We align the bits to the location of the first ASM and plot a raster map with one frame per line. We see that all the frames are equal (idle frames) except for a single non-idle frame halfway through. Note that these frames are still scrambled. Since here we are plotting the Viterbi decoder output, which can’t skip any data, we see that there are really no weird gaps between ASMs.
Here is the raster map of the frames produced by the GNU Radio flowgraph. These are descrambled, so we can see that most of the contents of idle frames are zeros. Note that the GNU Radio flowgraph only outputs frames when it detects an ASM, so it would skip data that is not marked by an ASM.
The same procedure is done with the 512 kbaud recording. In this case there are three bursts of signal, with gaps containing only noise between them. In each of the bursts, the Viterbi decoder that works correctly can change. We see that it’s the second decoder for bursts 1 and 2, and the first decoder for burst 3.
We check that the separation between ASMs is exactly 9784 bits except when there is a gap between bursts.
We examine the symbols at the beginning of each burst to check that the first data being transmitted is in fact part of a convolutionally encoded CCSDS frame. The plots below shows the ~80 symbols of 101010 symbols followed by the start of the data. A vertical line marks the location of the first ASM in the burst (since we measure the location of the ASM in bits at the Viterbi decoder output, but here we are plotting symbols, the location is multiplied by 2). It seems that the start of the burst is done by pushing zeros through the convolutional encoder, which causes the convolutional encoder to output the 101010 sequence, and then the ASM is pushed into the encoder, causing the start of the non-101010 data.
I have only done this analysis for the first two bursts. I assume that at the beginning of the third burst the same will happen.
Here is the raster map corresponding to the 512 kbaud frames output by the GNU Radio flowgraph. We can see the non-idle frames at the beginning of the second and third bursts. The non-idle frame at the beginning of the third burst doesn’t show up because the resolution of the plot is limited, but we can zoom in on the plot and check that it’s there.

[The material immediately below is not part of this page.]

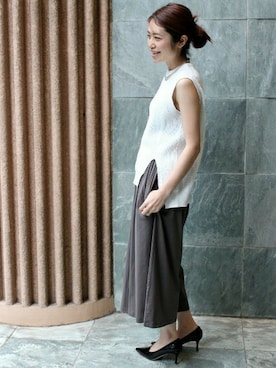 Woodyさん（レディース・160cm）の春コーディネート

Only frames 0, 251, and 502 are non-idle. The rest are idle frames and have the same contents. This means that a burst consists of a non-idle frame followed by 250 idle frames. In fact, we can measure in Inspectrum the duration of each burst as 9.594 s. This corresponds to 251 frames, since each frame takes 38.22 ms to transmit.
The code and intermediate data products used in this post can be found in this repository. The analysis and plots have been done in this Jupyter notebook.
I have no knowledge or expertise in this area but from my understanding the u.s. dept. of defense is supposedly piggy backing some project off this satellite as well. Would that explain any anomalies?
I’d say that’s impossible to tell from the information we have.
Hello Daniel, I would like to record the data and decode a S-band satellite. I tried tracking them using N2YO website but i couldn’t find the satellites. May I please know how I can track these satellites for recording.